**Extracted material**.
◆ ◆ ◆

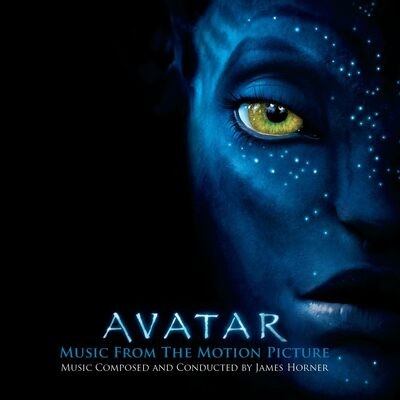 Avatar - :,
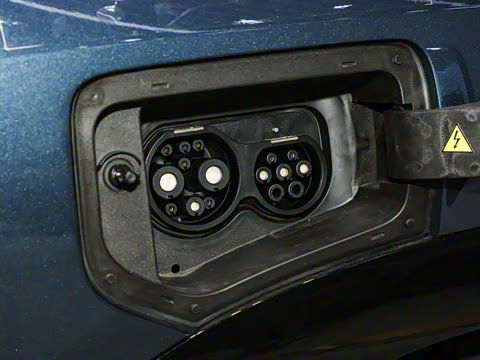 2024�� ���������� 520 �����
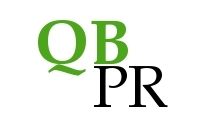 Quinn/Brein is a full-service marketing and public relations agency providing public relations, strategic marketing, and creative services to our clients.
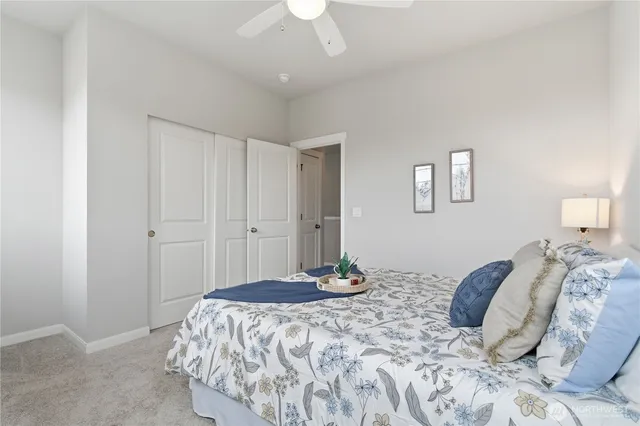 $767,800 | 2413 Northeast Sunnymede Street, Poulsbo, WA 98370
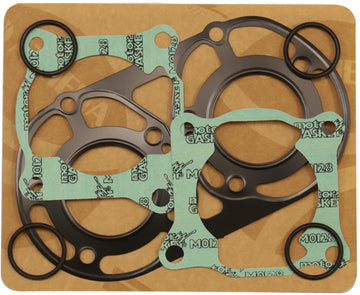 Yamaha V 90 [ATHENA] - Top End Cylinder Gasket Set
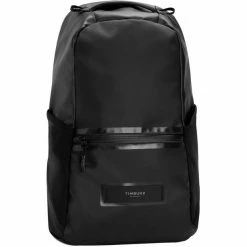 Timbuk2 Especial Shadow Backpack jet black
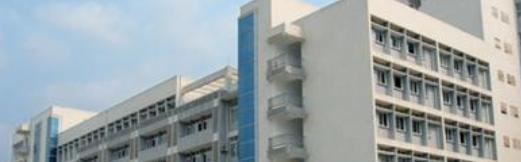 古蔺县职业高级中学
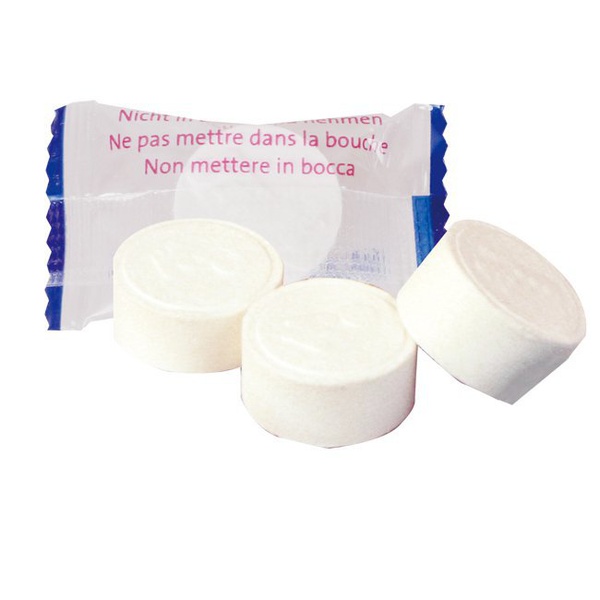 Магическая салфетка AceCamp Mini Magic Tissue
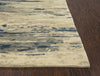 Rizzy Finesse FIN104 Beige/Gray Area Rug Detail Image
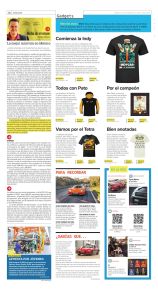 Atracción 360 - 28 de febrero del 2026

◆ ◆ ◆

**Aim of the exercise**.
The result should be an exact copy of every entry above, with no pictures included.

**Completed task**.
 Avatar - :,
 2024�� ���������� 520 �����
 Quinn/Brein is a full-service marketing and public relations agency providing public relations, strategic marketing, and creative services to our clients.
 $767,800 | 2413 Northeast Sunnymede Street, Poulsbo, WA 98370
 Yamaha V 90 [ATHENA] - Top End Cylinder Gasket Set
 Timbuk2 Especial Shadow Backpack jet black
 古蔺县职业高级中学
 Магическая салфетка AceCamp Mini Magic Tissue
 Rizzy Finesse FIN104 Beige/Gray Area Rug Detail Image
 Atracción 360 - 28 de febrero del 2026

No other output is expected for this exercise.